Dylematy moralne - bo tak trzeba je nazwać związane z inwestycjami publicznymi nie mogą być rozwiązywane przez pryzmat interesów mniejszości zainteresowanej komfortem swojego życia. Czasami musimy wyjść ze schematu myślenia jedynie kategoriami interesów własnych - partykularnych, aby zrozumieć, że Miasto to wspólnota. Dobro wspólne, to nie dobro kończące się na tej czy innej działce. Jeśli nie będziemy zdolni do ustępstw, to wywołamy konflikty i zmarnujemy energię, której Chojnice i chojniczanie potrzebują dla wypracowania dróg rozwoju w bardzo dynamicznie zmieniającym się świecie. Jeśli nie będziemy zdolni zgodnie przeprowadzać inwestycji na terenie Miasta, to tracimy czas w którym inni inwestują i rozwijają się. Za chwilę znajdziemy sie w sytuacji takich miast "upadających" jak Grudziądz, Słupsk, albo małe i średnie miasta Pomorza o których zapomnieli już nawet "wszyscy święci".

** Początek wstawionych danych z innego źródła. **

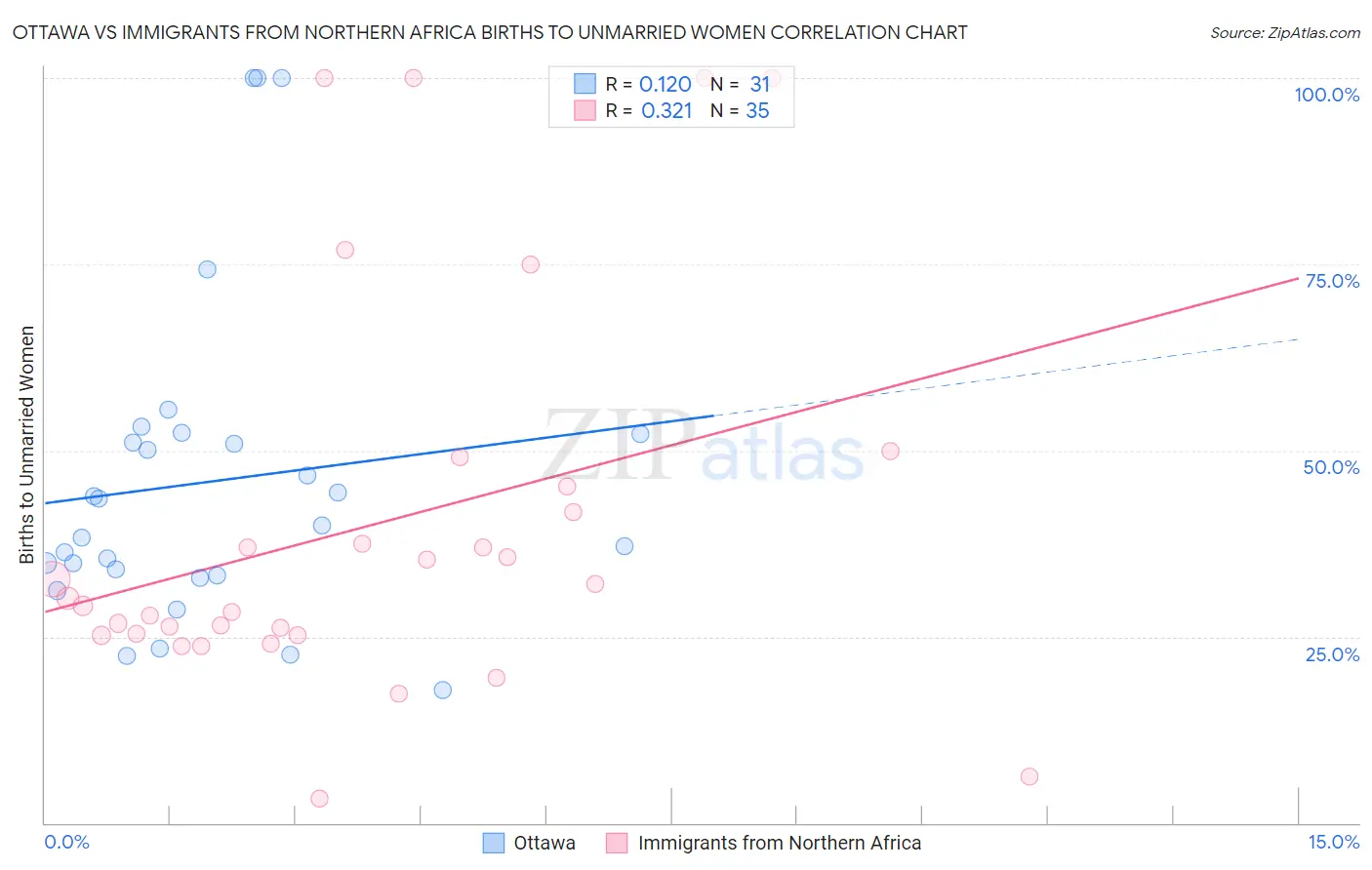 Ottawa vs Immigrants from Northern Africa Births to Unmarried Women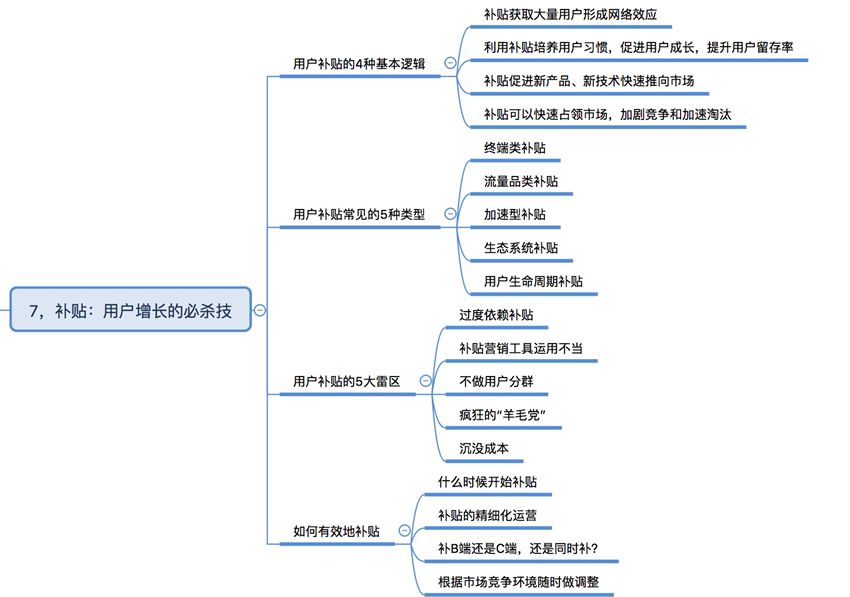 引爆用户增长,最全思维导图!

Jeśli ktoś wybudował sobie dom na Osiedlu X i nie chce obwodnicy, ale jak dojeżdża do Miasta do pracy to narzeka na korki i chciałby z jednej strony zachować i ciszę wokół domu i zlikwidować korki - to gratuluję bezmyślności. Proponuję też rozwiązanie - koniec z autami, przesiądźmy się na rowery i autobusy (którymi przejazdy w mieście powinny być darmowe). Przestańmy budować parkinigi w mieście, zacznijmy się ruszać i ograniczać wydzielanie spalin. Taka postawa wyjdzie wszystkim na zdrowie!